- Dyspnea is perceived when the respiratory effort to meet the respiratory demand is inappropriately high.
- Dyspnea is the underlying cause for exercise limitation, reduced quality of life and disease
- In people with COPD, hyperinflation and insufficient inspiratory capacity lead to the perception of dyspnea.
- In people with asthma, airway narrowing and inspiratory muscle stress lead to short attacks of severe dyspnea.
- Non-pharmacological interventions for dyspnea include rehabilitation and respiratory muscle training (RMT).
progression in respiratory muscle disorders.
RMT effectively reduces dyspnea in people with respiratory disorders.
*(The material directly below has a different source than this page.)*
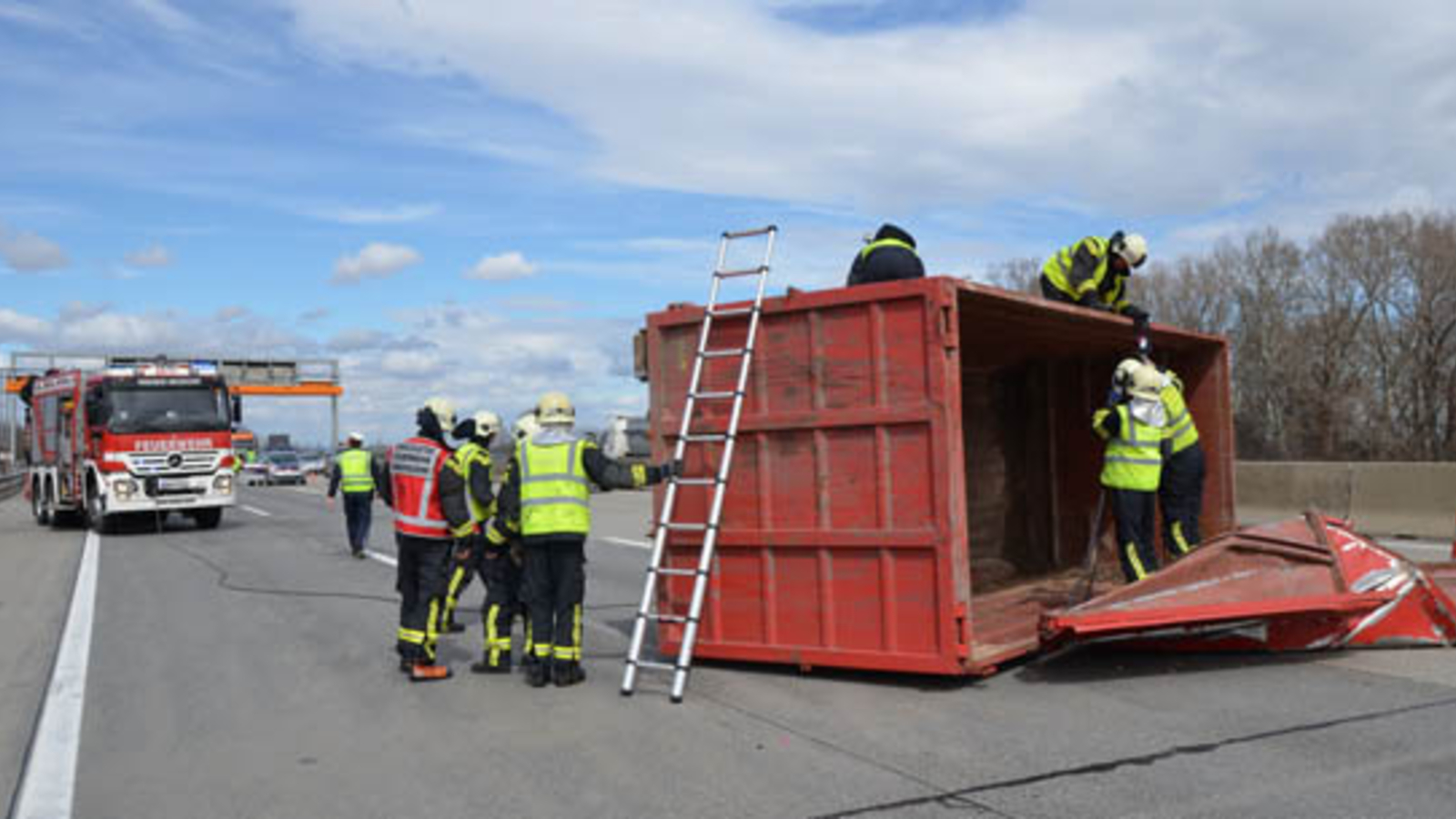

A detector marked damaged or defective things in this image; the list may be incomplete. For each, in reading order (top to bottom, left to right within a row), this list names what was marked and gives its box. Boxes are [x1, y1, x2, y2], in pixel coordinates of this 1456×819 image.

crumpled metal panel [1042, 512, 1456, 652]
With dyspnea at its core, exercise limitation and reduced quality of life contribute to a progressive downward spiral in people with COPD. The physiology of dyspnea is best explained by an inappropriateness of the outgoing motor command and the respiratory effort (length-tension-inappropriateness or LTI, of the inspiratory muscle, where length and tension correspond to muscle volume and pressure, respectively), or when the requirement for respiratory work becomes excessive. The effort of breathing becomes more difficult for patients as time increases, in other words, and can begin to affect the way they live their lives. The sensation of dyspnea is dependent on inspiratory muscle strength and demand for inspiratory muscle work.
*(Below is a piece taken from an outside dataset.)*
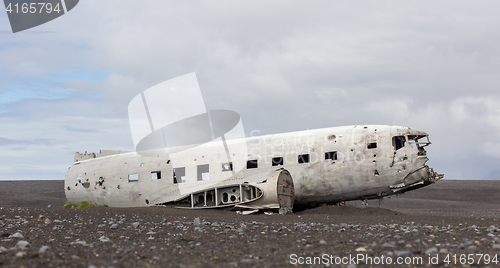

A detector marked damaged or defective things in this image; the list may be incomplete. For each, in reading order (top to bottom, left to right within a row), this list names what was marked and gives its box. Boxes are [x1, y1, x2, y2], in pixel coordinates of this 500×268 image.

crashed airplane wreck [64, 73, 444, 214]
damaged fuselage [64, 125, 444, 211]
corroded aircraft body [64, 124, 444, 213]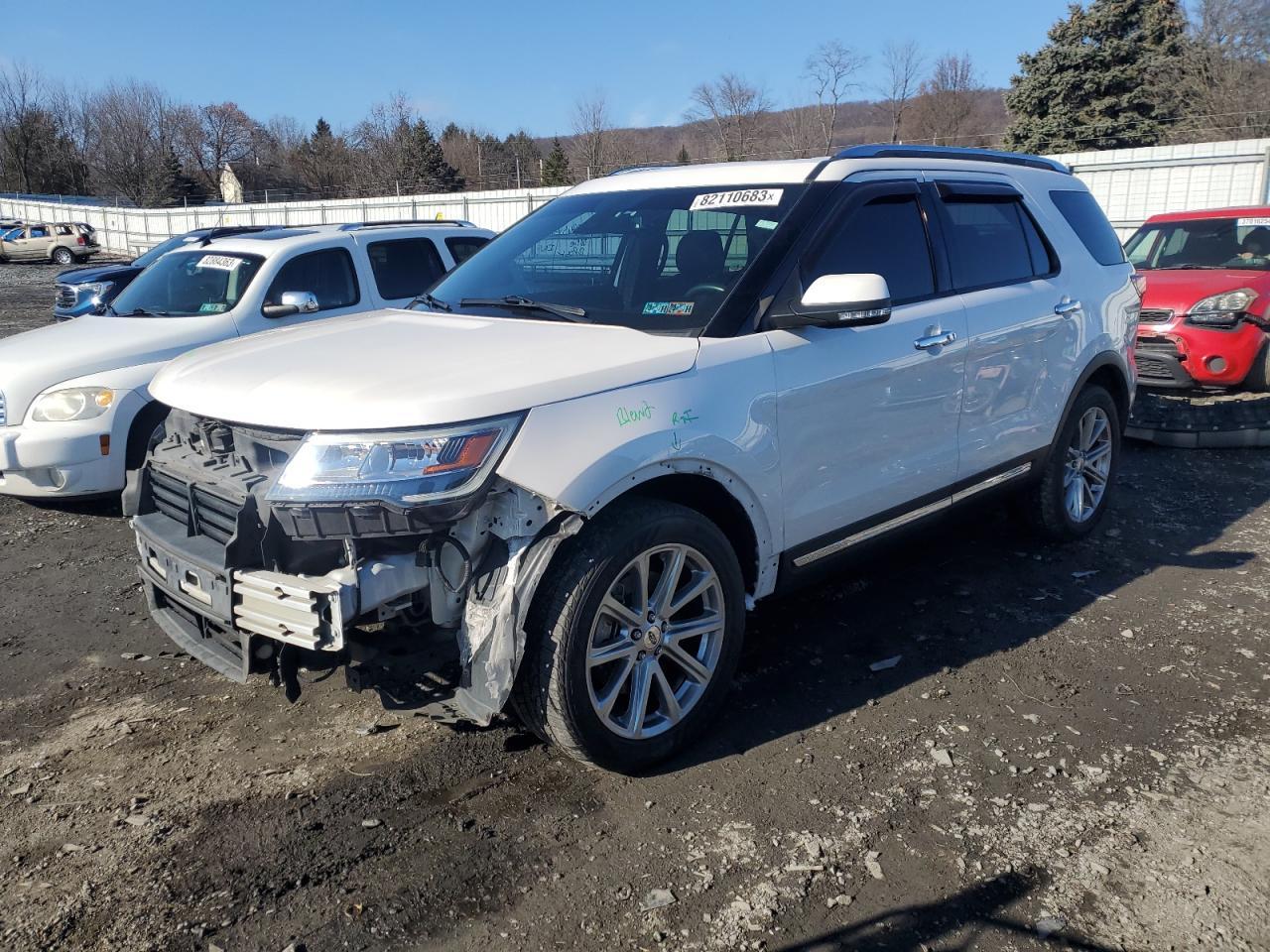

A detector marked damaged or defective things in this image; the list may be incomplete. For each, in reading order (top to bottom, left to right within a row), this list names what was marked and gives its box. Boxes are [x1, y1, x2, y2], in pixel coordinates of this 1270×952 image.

Expiratory flow limitation in COPD patients leads to dynamic hyperinflation, which can be described as ‘air trapping’ in the lungs during exercise, leading to insufficient inspiration and the sensation of dyspnea. Adaptation of respiratory muscles in COPD patients lead to inefficient breathing patterns with low flow rates at rest, but an inability for exercise induced hyperinflation, in much the same way that marathon runners can not match the pace of sprinters. Thus, the diaphragm of stable COPD patients is predominantly composed of high endurance, low power muscle fibres, which leave patients with little capacity for high power breathing required during exercise.
People with asthma have similar pulmonary abnormalities, but show less static lung recoil pressure and more airway narrowing. In addition, inspiratory muscle stress is short lived in these patients, causing periodic attacks, in contrast to constant difficulties in COPD patients. Both patient groups have low aerobic fitness.
Rehabilitation and IMT
Therapeutic interventions affect either lung emptying by using bronchodilators, or by reducing the ventilatory demand, which is achieved by rehabilitation.
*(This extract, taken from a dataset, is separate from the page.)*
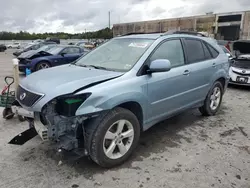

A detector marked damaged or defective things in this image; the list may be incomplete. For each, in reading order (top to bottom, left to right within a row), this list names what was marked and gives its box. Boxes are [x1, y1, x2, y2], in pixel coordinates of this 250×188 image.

missing headlight [55, 92, 91, 116]
damaged suv [12, 32, 230, 167]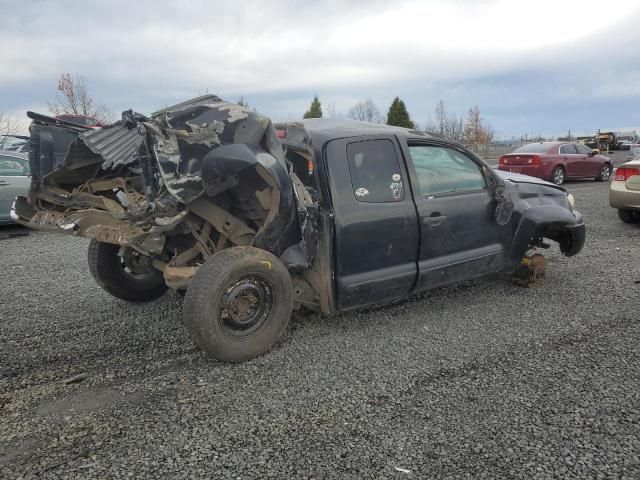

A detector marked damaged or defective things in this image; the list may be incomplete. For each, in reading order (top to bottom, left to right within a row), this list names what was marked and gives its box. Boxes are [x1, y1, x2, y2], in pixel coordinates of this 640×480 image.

Pulmonary rehabilitation is effective, but only 1.7% of COPD patients who could benefit from it have access to it. Comorbidities such as walking disabilities might not allow rehabilitation. Inspiratory muscle training (IMT) either alone or in addition to rehabilitation has been shown to effectively reduce dyspnea, due to strengthening of inspiratory muscles. In patients with asthma, change in inspiratory muscle strength was associated with a change in dyspnea intensity, and reduction in ß2-agonist production by up to 78%.
IMT can be viewed as a relatively accessible, evidence-based component of rehabilitation programs, that reduces dyspnoea, improves exercise tolerance and enhances quality of life in patients with COPD. IMT is also suitable for treating asthma patients with high perceptions of dyspnoea and high consumption of medication.